▸ Task brief: Only an exact repetition of the lines from the one holding "Дуги на крышу" to the end of the data is wanted, with pictures left out.

▸ Data under study:
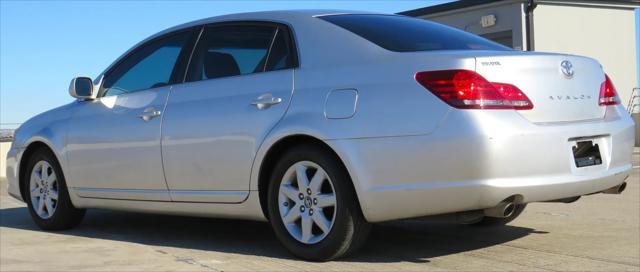 used 2008 Toyota Avalon car, priced at $3,995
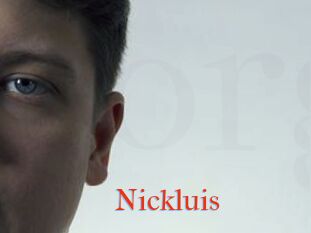 Nickluis
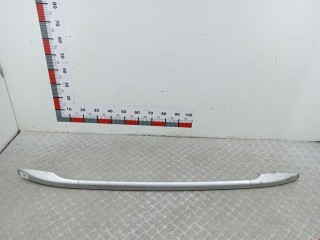 Дуги на крышу (рейлинги), ориг. номер 836190, Peugeot 407 2004-2008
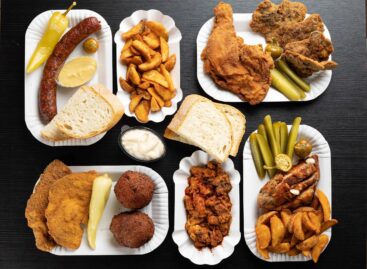 5 millió adag étel készült Óbuda kedvenc vendéglátóhelyén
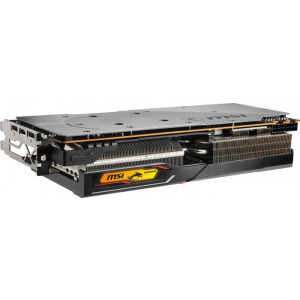 MSI Radeon RX 5700 XT GAMING 8GB GDDR6 256-bit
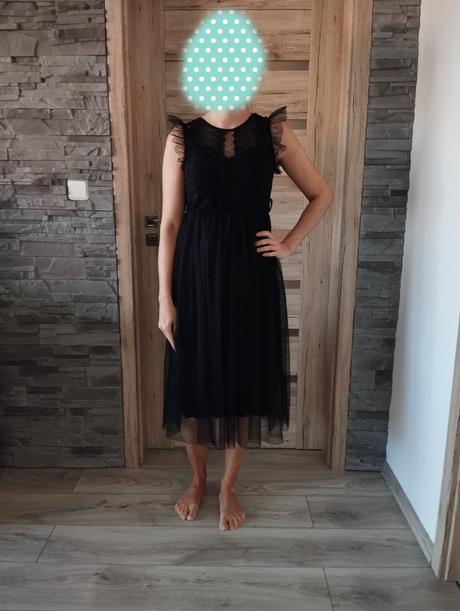 Spoločenské šaty, s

▸ Answer below:
 Дуги на крышу (рейлинги), ориг. номер 836190, Peugeot 407 2004-2008
 5 millió adag étel készült Óbuda kedvenc vendéglátóhelyén
 MSI Radeon RX 5700 XT GAMING 8GB GDDR6 256-bit
 Spoločenské šaty, s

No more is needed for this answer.